MG no es la única marca china con este movimiento en mente: BYD, Great Wall Motors y Chery también han anunciado intenciones de producción local en México. Pero MG llega con un historial de terreno ya ganado —una base de clientes que ya supera las seis cifras en México— y con una red de distribución consolidada que le da ventaja en el punto de partida.
El impacto en precios y valor de reventa
Producir localmente elimina aranceles de importación y reduce los costos de logística de forma significativa. Para el comprador final, eso le da a MG un margen de maniobra mayor para sostener sus estrategias de precio actuales —y potencialmente mejorarlas— sin sacrificar rentabilidad. Para los propietarios actuales de modelos MG, la consolidación de la marca en el mercado local podría convertirse en una señal positiva para el valor de reventa: un fabricante con presencia industrial permanente transmite mayor permanencia en el mercado que uno que solo importa. Dicho esto, el comportamiento real de la depreciación dependerá de factores que aún están por definirse, incluyendo el ritmo de expansión de la red de servicio y la disponibilidad efectiva de refacciones a nivel nacional.
El proyecto se desarrollará en etapas. La primera fase contempla los 100,000 vehículos anuales; los plazos definitivos y la ubicación exacta de la planta aún no han sido confirmados oficialmente por la marca. También se anunció la próxima entrada de IM Motors, la línea de vehículos eléctricos premium del grupo SAIC, al mercado mexicano con los modelos IM L6 e IM L7.

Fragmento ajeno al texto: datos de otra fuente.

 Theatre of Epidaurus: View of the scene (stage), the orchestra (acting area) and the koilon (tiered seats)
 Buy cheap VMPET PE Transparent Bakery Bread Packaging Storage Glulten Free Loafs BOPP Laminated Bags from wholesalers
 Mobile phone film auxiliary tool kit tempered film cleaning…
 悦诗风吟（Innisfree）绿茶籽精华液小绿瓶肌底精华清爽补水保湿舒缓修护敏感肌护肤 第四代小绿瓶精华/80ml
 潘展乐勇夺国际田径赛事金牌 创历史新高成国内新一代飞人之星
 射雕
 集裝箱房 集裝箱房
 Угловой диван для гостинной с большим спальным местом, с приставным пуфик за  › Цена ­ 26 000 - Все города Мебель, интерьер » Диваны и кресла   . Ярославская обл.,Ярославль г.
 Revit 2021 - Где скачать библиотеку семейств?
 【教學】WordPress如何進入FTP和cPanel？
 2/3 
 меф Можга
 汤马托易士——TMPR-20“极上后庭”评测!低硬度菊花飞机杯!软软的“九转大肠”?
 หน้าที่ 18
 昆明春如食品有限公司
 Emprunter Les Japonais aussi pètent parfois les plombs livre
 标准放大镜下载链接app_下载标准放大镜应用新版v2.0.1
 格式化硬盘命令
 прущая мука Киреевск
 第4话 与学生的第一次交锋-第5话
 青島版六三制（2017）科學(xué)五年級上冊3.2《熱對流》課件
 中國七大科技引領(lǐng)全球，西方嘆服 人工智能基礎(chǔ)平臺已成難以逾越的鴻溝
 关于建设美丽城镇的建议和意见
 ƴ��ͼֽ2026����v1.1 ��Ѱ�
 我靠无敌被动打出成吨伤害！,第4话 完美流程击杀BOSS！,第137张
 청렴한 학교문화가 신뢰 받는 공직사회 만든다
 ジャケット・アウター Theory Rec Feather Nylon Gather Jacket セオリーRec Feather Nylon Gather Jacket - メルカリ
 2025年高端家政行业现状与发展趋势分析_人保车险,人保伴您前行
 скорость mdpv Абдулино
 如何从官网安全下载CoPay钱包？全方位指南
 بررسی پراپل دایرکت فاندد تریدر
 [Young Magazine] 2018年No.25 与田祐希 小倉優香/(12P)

La llegada de producción local podría marcar el momento en que las marcas chinas dejen de ser vistas como una alternativa de precio y comiencen a consolidarse como fabricantes permanentes dentro del mercado mexicano. El verdadero impacto no estará solo en las ventas, sino en la confianza que logren construir a largo plazo. En AutoCava seguiremos de cerca la evolución de este proyecto conforme se confirmen ubicación, plazos y primeros modelos de producción nacional.